Naturally, conservatives are loving the clarity of the party’s “hammer, meet nail” approach: RedState.com’s Erick Erickson tweeted that the first night of the DNC was indistinguishable from “the Vagina Monologues,’’ and the Daily Caller’s Matt Lewis dubbed the result “Abortion-palozza.’’
Republicans pitched to women at their recent convention in Tampa, too, of course — “I love you women!’’ shouted a giddy Ann Romney from the stage — though they didn’t have much to say about what they’d actually do for us, and were all but mum on social issues.
For those still not sure where the party stands, a young mom named Libby Bruce told delegates how Planned Parenthood treated her endometriosis 12 years ago. One-time Republican Maria Ciano assured them that if voters give the president a second term, “our right to make our own most personal decisions will be safe for another generation.” Sandra Fluke claimed that if Mitt Romney and Paul Ryan are elected instead, we’ll wake up in “an America in which you have a new vice president who co-sponsored a bill that would allow pregnant women to die preventable deaths in our emergency rooms.”
After hours, delegates could attend their choice of parties hosted by pro-choice groups. And in the street in front of the convention center, women in pink Planned Parenthood t-shirts argued with protesters holding fetal photos I could have lived a long, happy life without ever glimpsing. If you didn’t know better, you’d swear this was the issue dividing the parties.
Catholic University’s Steve Schneck argued that the number of abortions would skyrocket if Romney is elected and Medicaid funding slashed, because a majority of women who have abortions cite financial considerations as a factor and the cuts in aid to those already struggling would only worsen those challenges.
But that’s not a message mentioned from the podium.

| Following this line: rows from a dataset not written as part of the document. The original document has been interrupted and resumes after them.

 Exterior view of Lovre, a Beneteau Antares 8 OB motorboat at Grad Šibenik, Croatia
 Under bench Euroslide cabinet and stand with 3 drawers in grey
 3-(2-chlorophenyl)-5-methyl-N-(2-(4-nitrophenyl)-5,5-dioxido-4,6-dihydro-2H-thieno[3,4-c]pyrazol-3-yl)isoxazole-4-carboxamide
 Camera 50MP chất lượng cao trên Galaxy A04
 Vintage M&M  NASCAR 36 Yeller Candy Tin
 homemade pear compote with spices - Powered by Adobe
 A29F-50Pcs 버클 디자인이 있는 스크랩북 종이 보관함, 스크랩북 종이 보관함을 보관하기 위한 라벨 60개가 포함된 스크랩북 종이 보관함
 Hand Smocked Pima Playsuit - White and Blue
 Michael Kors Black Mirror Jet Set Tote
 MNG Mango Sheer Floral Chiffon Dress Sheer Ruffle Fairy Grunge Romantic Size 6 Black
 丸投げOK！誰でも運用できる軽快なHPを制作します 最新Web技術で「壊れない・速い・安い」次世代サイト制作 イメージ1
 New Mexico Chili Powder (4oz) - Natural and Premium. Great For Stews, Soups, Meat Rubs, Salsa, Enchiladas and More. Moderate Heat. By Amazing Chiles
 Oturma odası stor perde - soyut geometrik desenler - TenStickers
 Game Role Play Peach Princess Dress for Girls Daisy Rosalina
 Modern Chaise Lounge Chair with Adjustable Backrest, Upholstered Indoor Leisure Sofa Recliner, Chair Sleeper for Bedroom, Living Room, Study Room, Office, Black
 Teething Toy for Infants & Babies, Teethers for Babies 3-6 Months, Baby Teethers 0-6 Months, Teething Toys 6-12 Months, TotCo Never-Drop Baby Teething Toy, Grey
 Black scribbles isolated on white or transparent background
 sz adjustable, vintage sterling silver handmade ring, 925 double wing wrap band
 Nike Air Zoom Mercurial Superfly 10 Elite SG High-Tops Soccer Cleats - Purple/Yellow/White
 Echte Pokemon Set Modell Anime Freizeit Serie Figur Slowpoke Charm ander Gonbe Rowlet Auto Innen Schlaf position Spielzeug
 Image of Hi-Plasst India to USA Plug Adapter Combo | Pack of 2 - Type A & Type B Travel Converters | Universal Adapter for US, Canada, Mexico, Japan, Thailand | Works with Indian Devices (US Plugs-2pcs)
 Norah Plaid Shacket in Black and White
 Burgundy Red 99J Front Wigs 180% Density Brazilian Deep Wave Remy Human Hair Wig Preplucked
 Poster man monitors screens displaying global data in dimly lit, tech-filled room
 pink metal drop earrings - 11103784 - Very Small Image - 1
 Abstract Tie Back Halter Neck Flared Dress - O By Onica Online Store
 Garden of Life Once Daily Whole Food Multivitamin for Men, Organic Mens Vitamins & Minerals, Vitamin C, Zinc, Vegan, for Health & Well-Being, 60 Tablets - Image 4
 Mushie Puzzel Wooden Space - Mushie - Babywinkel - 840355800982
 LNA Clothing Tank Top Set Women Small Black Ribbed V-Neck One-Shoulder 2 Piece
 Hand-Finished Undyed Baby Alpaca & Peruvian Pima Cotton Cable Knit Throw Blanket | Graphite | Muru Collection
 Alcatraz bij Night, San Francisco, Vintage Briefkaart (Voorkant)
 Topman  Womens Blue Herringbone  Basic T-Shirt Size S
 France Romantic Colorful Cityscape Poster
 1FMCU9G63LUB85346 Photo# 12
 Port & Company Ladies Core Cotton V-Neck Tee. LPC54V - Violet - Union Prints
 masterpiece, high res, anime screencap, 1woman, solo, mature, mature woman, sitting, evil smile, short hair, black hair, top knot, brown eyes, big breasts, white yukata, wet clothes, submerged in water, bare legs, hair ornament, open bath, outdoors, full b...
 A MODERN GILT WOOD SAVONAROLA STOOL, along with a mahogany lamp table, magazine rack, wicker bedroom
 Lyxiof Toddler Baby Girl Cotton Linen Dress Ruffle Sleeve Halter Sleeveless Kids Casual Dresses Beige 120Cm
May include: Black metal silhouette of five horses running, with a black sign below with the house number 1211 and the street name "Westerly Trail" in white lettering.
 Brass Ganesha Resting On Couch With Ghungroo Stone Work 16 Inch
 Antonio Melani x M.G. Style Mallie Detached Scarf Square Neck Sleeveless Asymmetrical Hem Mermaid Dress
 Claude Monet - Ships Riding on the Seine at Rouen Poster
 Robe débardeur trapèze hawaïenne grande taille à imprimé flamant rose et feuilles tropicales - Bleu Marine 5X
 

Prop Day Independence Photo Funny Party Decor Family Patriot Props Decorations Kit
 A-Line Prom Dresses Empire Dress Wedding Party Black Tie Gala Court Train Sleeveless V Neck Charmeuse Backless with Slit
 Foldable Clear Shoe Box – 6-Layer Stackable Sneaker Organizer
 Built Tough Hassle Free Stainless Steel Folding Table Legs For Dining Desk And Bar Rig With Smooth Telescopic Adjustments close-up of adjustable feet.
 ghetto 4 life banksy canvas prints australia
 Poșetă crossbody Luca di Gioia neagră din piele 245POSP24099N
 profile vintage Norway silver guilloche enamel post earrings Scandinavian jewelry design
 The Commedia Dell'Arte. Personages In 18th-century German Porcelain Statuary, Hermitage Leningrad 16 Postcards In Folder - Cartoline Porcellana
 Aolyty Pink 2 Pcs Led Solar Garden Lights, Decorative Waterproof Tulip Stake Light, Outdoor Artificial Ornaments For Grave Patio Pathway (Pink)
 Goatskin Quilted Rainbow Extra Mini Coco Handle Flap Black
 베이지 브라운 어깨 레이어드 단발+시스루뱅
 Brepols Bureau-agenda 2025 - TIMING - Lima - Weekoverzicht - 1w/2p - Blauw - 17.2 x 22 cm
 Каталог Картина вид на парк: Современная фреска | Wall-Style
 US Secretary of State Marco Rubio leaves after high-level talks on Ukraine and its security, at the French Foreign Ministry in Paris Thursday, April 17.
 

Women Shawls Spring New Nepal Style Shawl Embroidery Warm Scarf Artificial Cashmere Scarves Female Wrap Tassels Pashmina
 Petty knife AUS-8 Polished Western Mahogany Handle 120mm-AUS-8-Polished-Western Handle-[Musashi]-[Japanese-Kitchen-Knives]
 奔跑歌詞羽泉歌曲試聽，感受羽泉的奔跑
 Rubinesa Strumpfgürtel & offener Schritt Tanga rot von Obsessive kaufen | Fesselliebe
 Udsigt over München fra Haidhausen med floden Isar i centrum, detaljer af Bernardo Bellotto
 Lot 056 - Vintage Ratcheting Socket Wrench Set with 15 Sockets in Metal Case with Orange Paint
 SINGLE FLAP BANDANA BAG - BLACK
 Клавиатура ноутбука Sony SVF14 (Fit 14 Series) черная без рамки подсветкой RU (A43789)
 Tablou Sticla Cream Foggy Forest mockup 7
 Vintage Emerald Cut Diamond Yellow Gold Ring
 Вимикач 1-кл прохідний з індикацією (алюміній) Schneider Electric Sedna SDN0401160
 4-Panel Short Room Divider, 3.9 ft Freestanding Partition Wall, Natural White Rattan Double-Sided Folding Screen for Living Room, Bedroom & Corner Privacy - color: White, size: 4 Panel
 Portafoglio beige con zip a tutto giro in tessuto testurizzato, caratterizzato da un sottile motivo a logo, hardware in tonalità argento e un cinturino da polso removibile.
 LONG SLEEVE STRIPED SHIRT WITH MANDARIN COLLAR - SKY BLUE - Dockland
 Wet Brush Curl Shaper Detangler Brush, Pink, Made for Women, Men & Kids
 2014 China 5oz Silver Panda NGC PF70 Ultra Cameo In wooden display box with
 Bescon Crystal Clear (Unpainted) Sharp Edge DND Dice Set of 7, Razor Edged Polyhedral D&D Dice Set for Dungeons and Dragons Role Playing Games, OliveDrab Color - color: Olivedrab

Will Democrats pay a price for pitching to the base at the expense of moderates? Probably not, because undecided voters are unlikely to have tuned in for speech after speech outside of prime time. Bill Clinton was the pitch man for that voter. He did a genius job at breaking down the economic argument for Obama, too, and thankfully did not present himself as a friend of womankind.
Even the tribute to Teddy Kennedy, who for many years considered himself pro-life, was used to drive home the ubiquitous abortion rights theme, via footage of the ’94 senatorial debate in which Kennedy called Romney “multiple choice” on the issue. A tireless advocate for the dispossessed, Kennedy was so much more than that — and his party used to be, too.